Os antecedentes desta iconografia compartimentada do Inferno
remontam ao mosaico
da Catedral de Torcello, do século XII, em Veneza, que mostra o
Inferno dividido por
retângulos. Na base da caverna de Angélico, no oitavo
compartimento, está um Satã
medieval, monstruoso e preto, imerso até a cintura num grande
caldeirão fervente a
devorar danados. O interessante nesta representação é que o
Inferno é mostrado dentro
de uma caverna numa montanha, acima do solo, e não embaixo da
terra, que era a sua
costumeira localização. Uma das razões prováveis disso é de
ordem formal, pois na
pintura do Juízo, Angélico optou por uma composição de formato
horizontal, simétrica,
de dois níveis, acima no centro circular, Cristo juiz, Nossa
Senhora, Santos e anjos, e
embaixo, na superfície da terra, os túmulos abertos no centro, à
esquerda os jardins e o
castelo do Paraíso, e à direita a montanha cavernosa do Inferno.
Dessa forma, o grupo
do Inferno equilibra o peso visual da composição, opondo-se ao
grupo do Paraíso no
outro extremo da pintura. E também dispõe de uma marcação
vertical necessária para
contrabalançar o formato acentuadamente horizontal da pintura.
Outra possibilidade,
que não exclui de maneira nenhuma a primeira, é a de Angélico
ter se baseado nos
cenários das representações sacras populares e representado os
rochedos, como sendo os
substitutos do deserto, e a caverna, do abismo infernal.

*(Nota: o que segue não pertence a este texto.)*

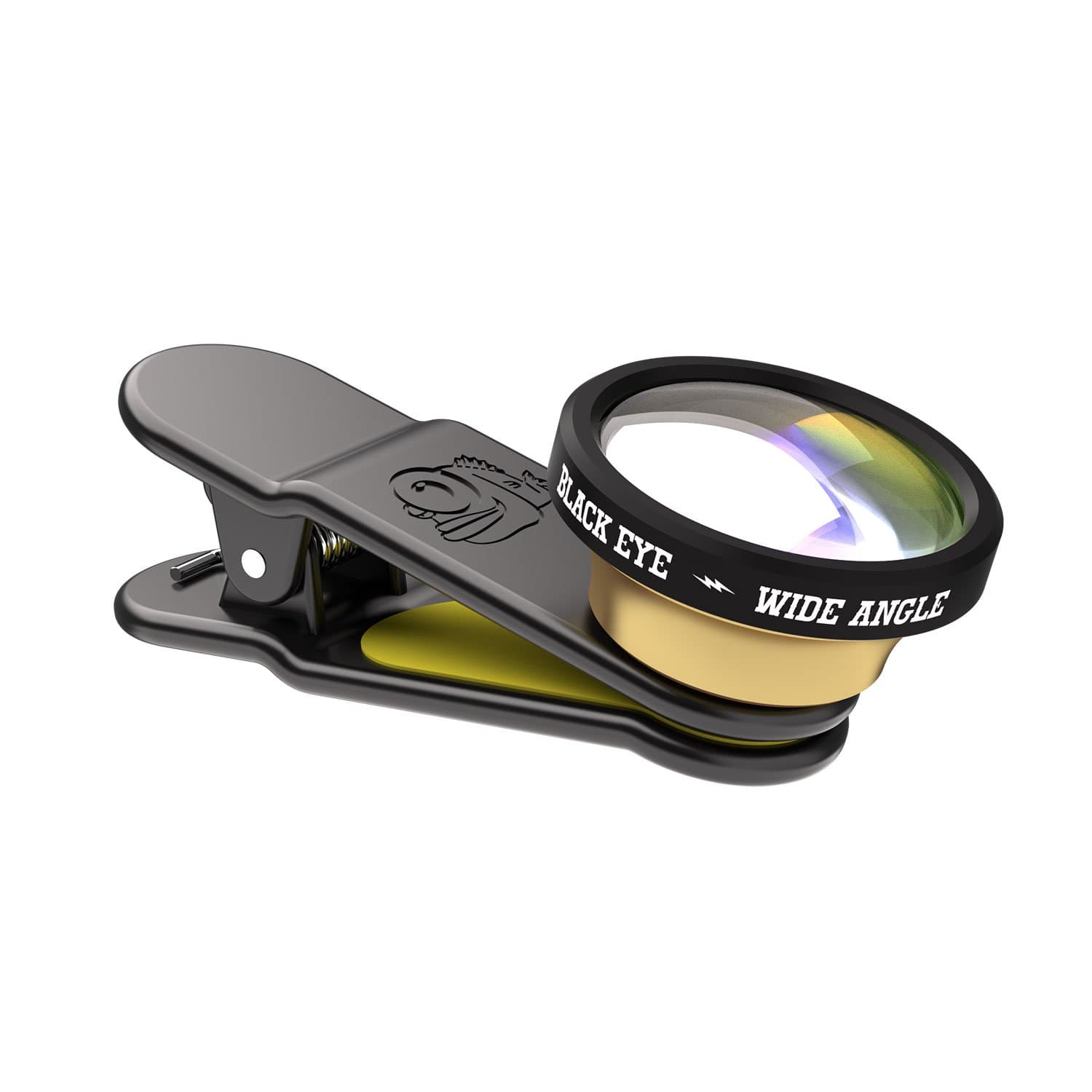 Black Eye Lens Clip-On Wide Angle 160 Degrees Universal Smartphone and Tablet Clip-On Camera Lens, Compatible with iPhone, iPad, Samsung - Black/Yellow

A
variedade da iconografia dos
demônios, de cores pretas, vermelhas e verdes, e de muitas
formas, reptilianos, com asa
de morcego e peludos, sugere as fantasias que eram usadas pelos
atores nas peças
sacras.
Importante dizer que a minha abordagem do Inferno tem como
referências
principais representações na arte que, desde a Idade Média,
continuam influenciando o
modo de ver na atualidade. Nesse sentido, menciono a valia de
não se perder a noção
dos vínculos estreitos e vitais das imagens das iluminuras, das
esculturas e das pinturas
com as suas fontes, sejam elas escritas, como as constantes na
Bíblia, nos textos
apócrifos e nas criações literárias, ou orais, como nos sermões
religiosos, ou ainda
visuais, como nas representações teatrais sacras.
19
Lorenzo Lorenzi no seu livro Devils in Art, p. 77, aponta ainda
a notável afinidade entre o inferno
representado por Fra Angélico e o inferno pintado por Buonamico
Buffalmaco em Pisa, feito um século
antes. O artifício do corte na parede, na rocha e no solo, foi
utilizado também por Nardo di Cione, no seu
Inferno da Capela Strozzi, em Florença, e por Andrea Bonaiuto da
Firenze no seu Cristo no Limbo, no
Convento de Santa Maria Novella, em Florença.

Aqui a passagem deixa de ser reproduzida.